A "nil tenure" approach would mean imposing the same rules for bushfire management in National Parks, Crown Lands, the Forestry Corporation and all other government-owned land.
"That's certainly the submission I made to the inquiry, yes," he said.
"Whether that happens that will be a matter for government to consider after the inquiry reports back.
"But it's certainly that's something that I think is very worthy of consideration."
Mr Marshall has been campaigning to permit the use of cattle in national parks as a bushfire mitigation tactic since the fires went out.
He said he is "very confident" the NSW Independent Bushfire Inquiry will consider the idea.
"I'm hoping that the report does come down on the side of if not implementing it, at least trialing it or having an analysis of it," he said.
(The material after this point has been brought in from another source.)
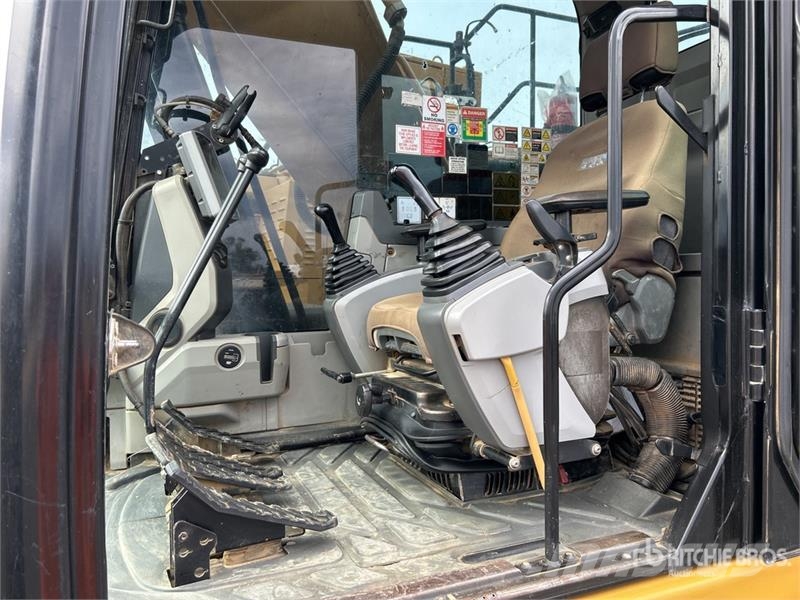 CAT 320E L Tracked Excavator Bageri guseničari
"I'm very confident that [the mitigation tactic] will be successful because it is being implemented and is being successful in other jurisdictions.
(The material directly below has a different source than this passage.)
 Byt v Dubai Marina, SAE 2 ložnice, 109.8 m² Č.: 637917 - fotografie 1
"I don't see that it would be any different in NSW."
The NSW government included the controversial proposal in a submission to the Commonwealth Royal Commission into the bushfire crisis, which Mr Marshall said shows the state is "interested in exploring" the idea further.
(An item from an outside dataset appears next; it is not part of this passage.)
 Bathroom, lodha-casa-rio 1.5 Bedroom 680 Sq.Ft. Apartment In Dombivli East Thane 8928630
Cattle can already graze in parts of three NSW National Parks, and are used to reduce fuel loads in the ACT.
"We owe it to all the people that have lost their homes, their dwellings, unfortunately, loved ones to really make some significant changes in the way that we manage public land and try and manage fuel loads in the future," Mr Marshall said.
"To me, this is not the silver bullet but it has to be one of those things that we do."
In an interview in March, Mr Marshall said closing the National Parks and Wildlife service and amalgamating all state government land managers into a single super-agency "should" be considered as an option to fight future bushfires. He said that would help root out a silo mentality within government.
But cabinet colleague Environment Minister Matt Kean last year condemned the idea of allowing cattle into the state's national parks as "ridiculous".
Nature Conservation Council Communications Manager James Tremain also condemned the idea, saying the bushfire mitigation strategy has been proven not to work.
"This is an example of how bereft of original ideas the National Party is," he said.
"Every time that there's a bushfire, every time there's a drought, you can guarantee they'll come up with the same worn old idea.
"It seeks to distract regional communities from the real challenges that we're facing, and that is, dealing with climate change.
"If you've got a problem with drought, deal with climate change."